The water turned their fish ponds the color of café au lait and washed away their bass and koi, the couple said in court filings. It killed trees and left behind islands of sand and mud. It carved sinkholes in their lawn and ankle-deep ruts in the driveway.
The McManuses talked to county officials, hired a lawyer, and eventually sued in 2010, seeking a judgment of more than $1 million. They went through mediation, but the McManuses said the county never offered to repair all of the damage, or stop its actions, or buy them out.
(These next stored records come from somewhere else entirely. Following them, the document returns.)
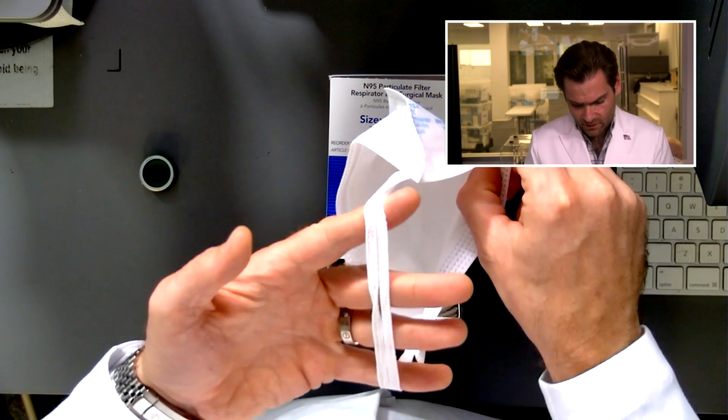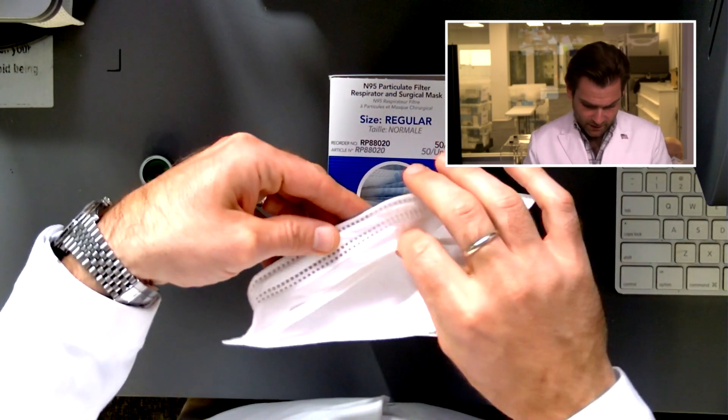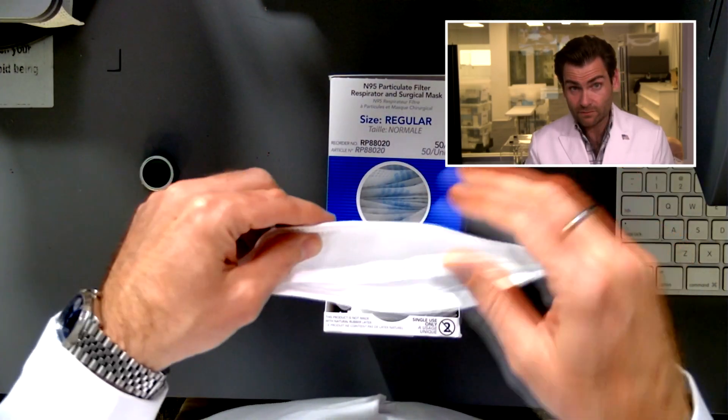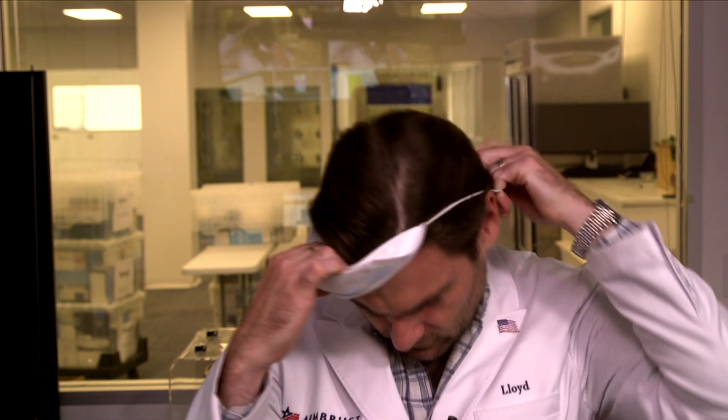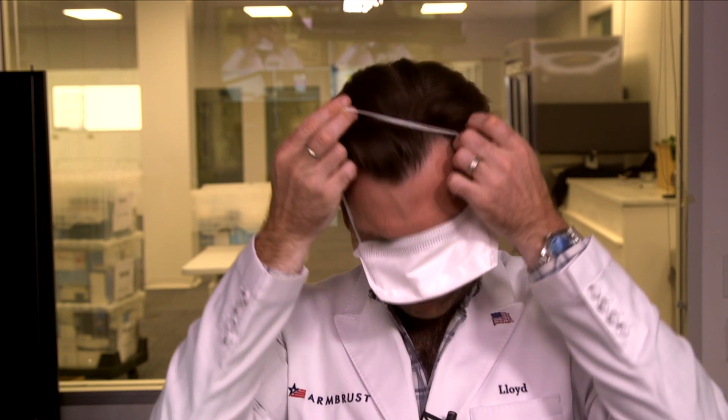We bought a ton of them and they're on our website for you to purchase if you want to try this out. Let's look at the style of the mask. Pulling it out of the box — it's got a head strap like all N95s, and it has this huge nose wire that goes all the way across, giving you a nice seal on the top. To put it on, you want to go over the back of the neck first, and then you find your other strap.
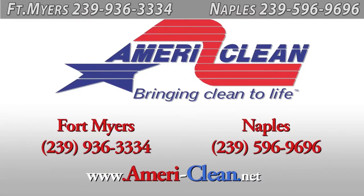Hello and welcome to MelGibsonCleaning.com, brought to you by AmeriClean. Today we are here in Fort Myers cleaning and waxing — or stripping and waxing — some new VCT flooring, or new vinyl tile.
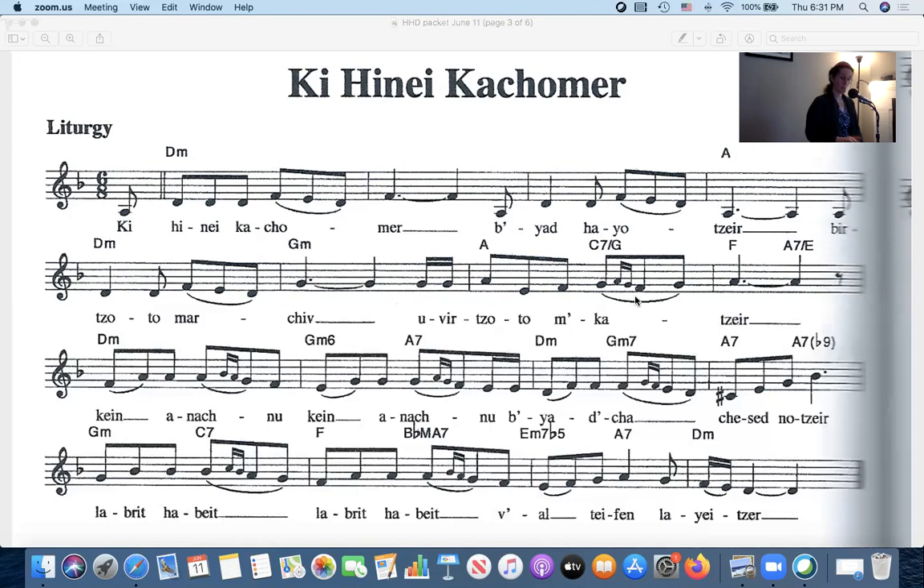Going on to the next part, the words are 'ken anachnu, ken anachnu' — meaning 'yes, we are like all of these things you're describing, in your hand.' With the music it sounds like this: 'and then we are like all of these things.' Okay, and then the last line.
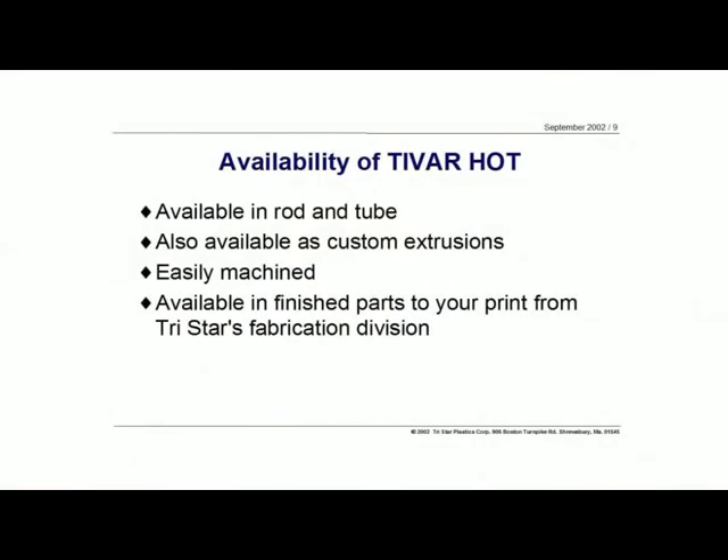In terms of availability, Tybar HOT comes in sheet stock and rod stock. As I mentioned, we can also do special profile extrusions if the quantities are justified. At TriStar, we also do machining, so we can machine finished parts in terms of milled profiles, small milled parts like scraper blades, and bushings. That's another application where this is a very fine material if you're looking at that tweener application where you've got temperatures in the 200 to 275–285 degree range where there really aren't a lot of materials to select from. Tybar HOT is a very good candidate for that particular region.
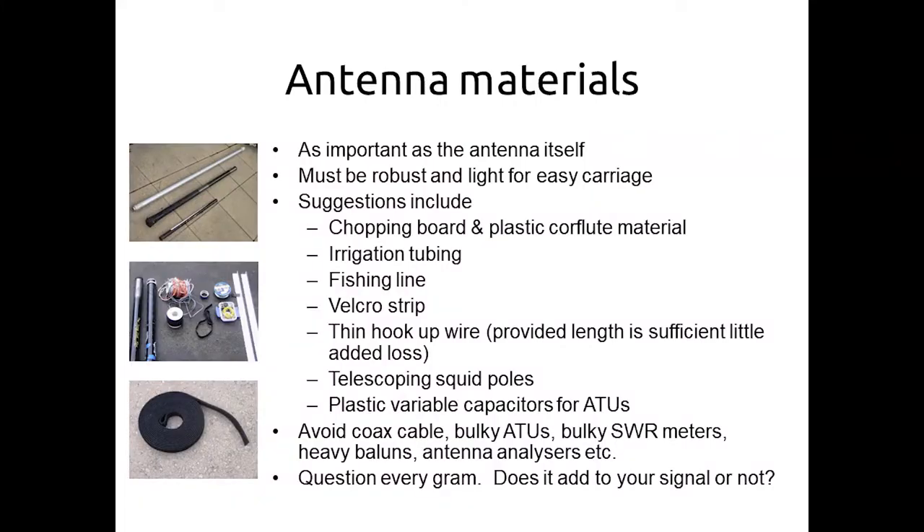For supporting antennas, a squid pole is pretty key — yes, you can throw things over a tree, but you might not know your site, there may not be many trees, and in public areas people don't like you throwing things over trees. Where I am by the beach the trees are only about this high, so a pole is a great accessory. There's a much wider range of antennas you can build and erect if you have two squid poles, though that doubles the weight — a bit of a trade-off.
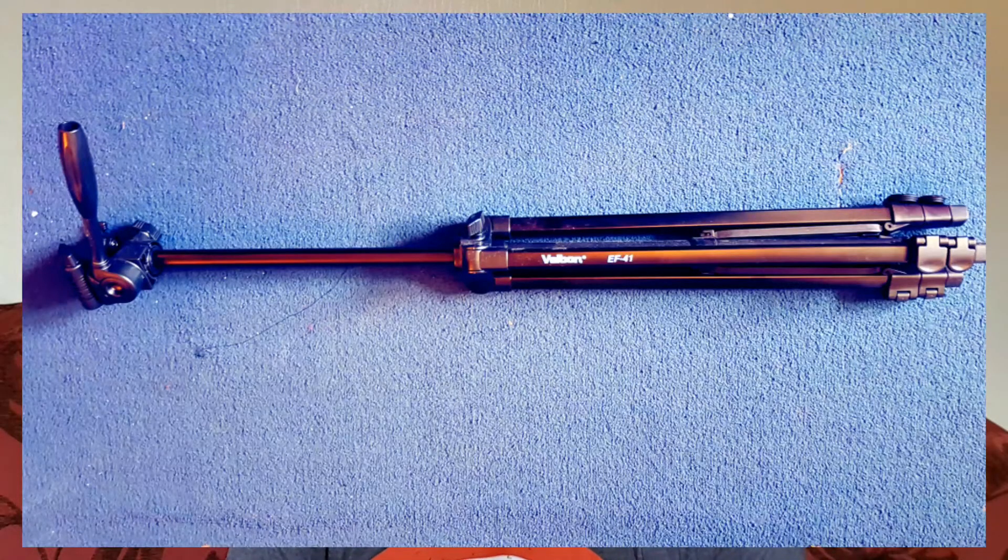Next up is basically the tripod — you need a tripod. If you're going to be doing stuff in the house, like this vlog that I'm doing here, where you talk to the camera, you'll need a decent tripod. The one I've used is the Velbon EF41, and that is now down to around about £14, which is really cheap for a tripod. And whenever you decide to go up to a DSLR, it will be handy for that as well.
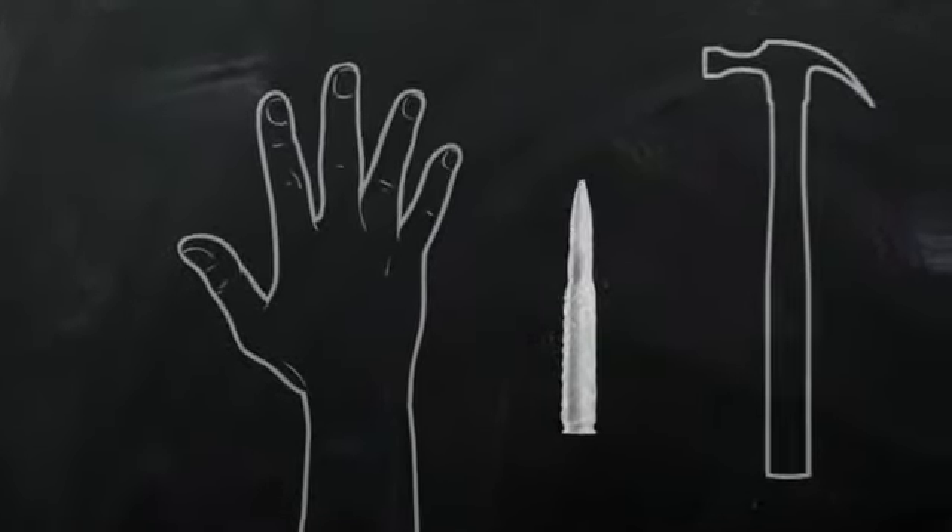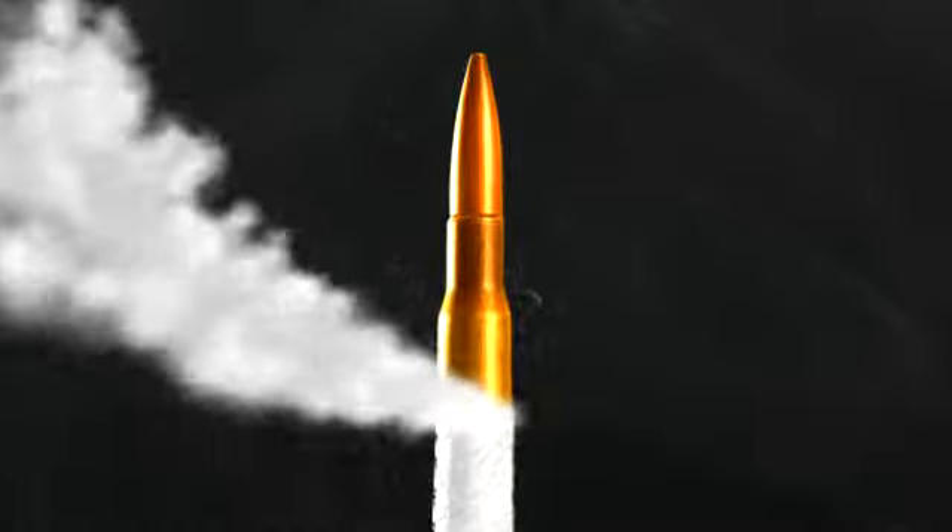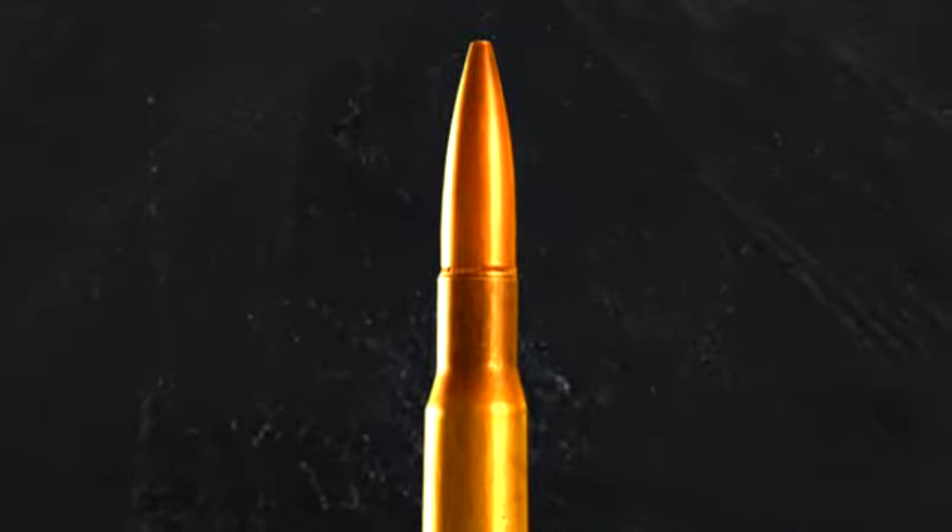When you use ammunition as a multi-purpose tool, it explodes, creating a chain reaction that directly impacts the hand that misuses it. Because that is the way ammunition is designed.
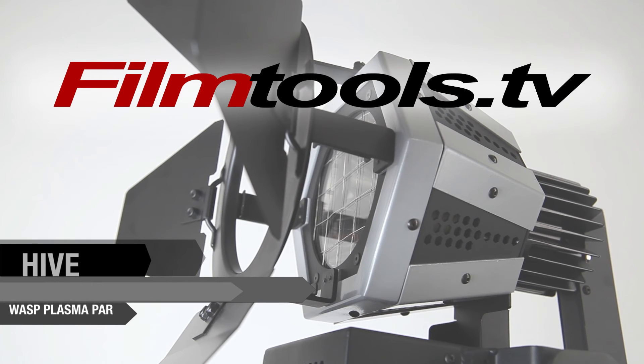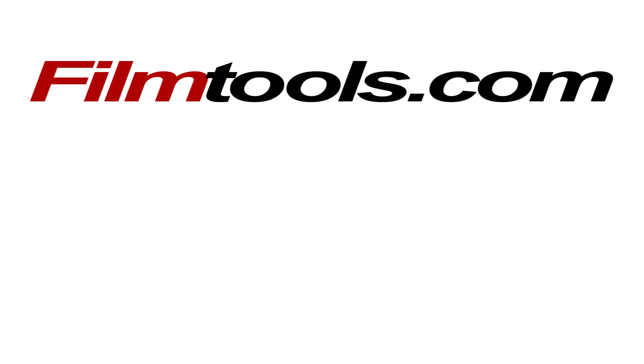The Wasp PAR is available at FilmTools. Feel free to stop by to check out our full Hive selection and visit us online at FilmTools.com.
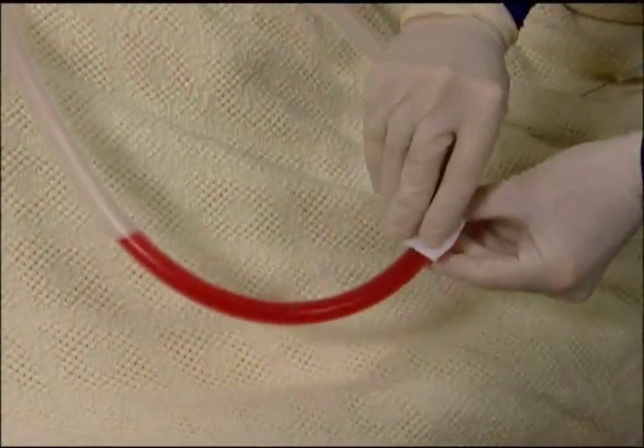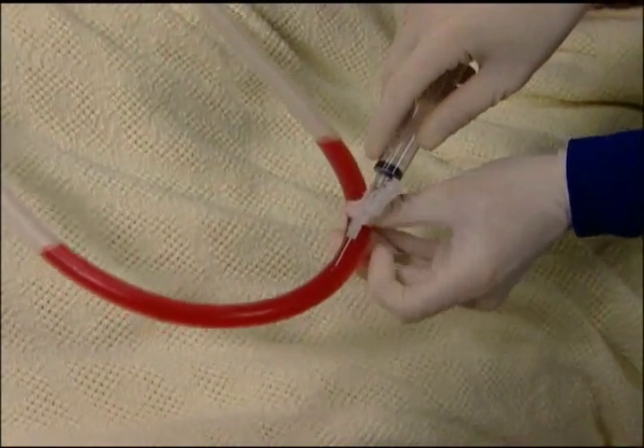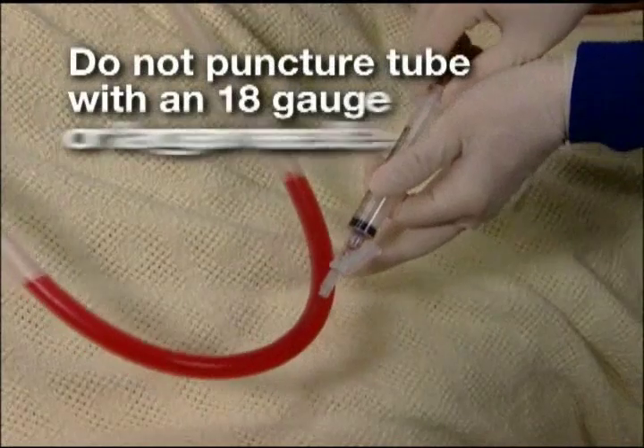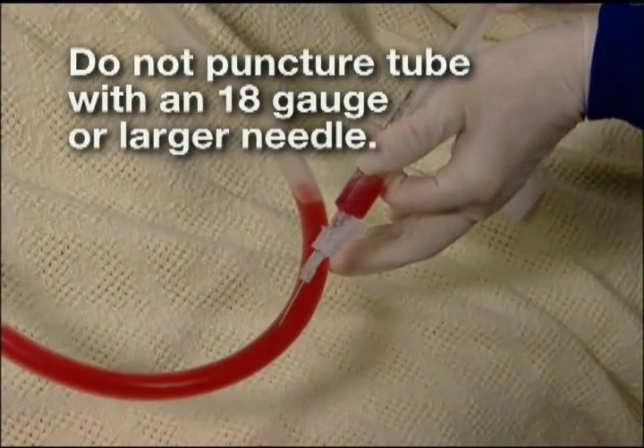Depending upon your hospital's preferred sampling technique, samples of drainage fluid can be taken directly from the patient tube by forming a temporary dependent loop and inserting a 20 gauge or smaller needle with syringe at a shallow angle.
However, court filings do show the county offered to remove some of the sand and mud.
County officials declined to talk to The Atlanta Journal-Constitution about the lawsuit.
The county said in court filings that a 20-foot-wide public drainage easement running through the McManuses’ backyard means it has the right to drain as much water as it wants into the easement.
But on many days, the runoff and damage ranged far beyond that area, court filings show.
Gwinnett County Superior Court Judge Timothy Hamil wrote in a June order that the county acted with “reckless disregard” for the McManuses’ private property rights. He ordered the county to stop the damage and make repairs. The county appealed to the state Supreme Court, which upheld Hamil’s order.
Although the case is still ongoing, Reeves, the McManuses’ lawyer, said he expects the county to start repairs in the coming weeks.
Gwinnett County said in earlier court filings that doing what the judge ordered would require a new, $3 million drainage system. Reeves said lower-cost solutions are possible. And court filings show Reeves warned the county at least four years ago that building the current system could end up wasting taxpayer dollars.
The fight has been expensive for the McManuses too, who said they’ve had to dip into their retirement funds to pay for it. All told, they said, they’ve spent about $100,000.
“This is our nest egg; this is where we live,” Gerry McManus said. “They’ve destroyed the value of the property. I can’t sell it and I can’t fix it up because water keeps damaging it.”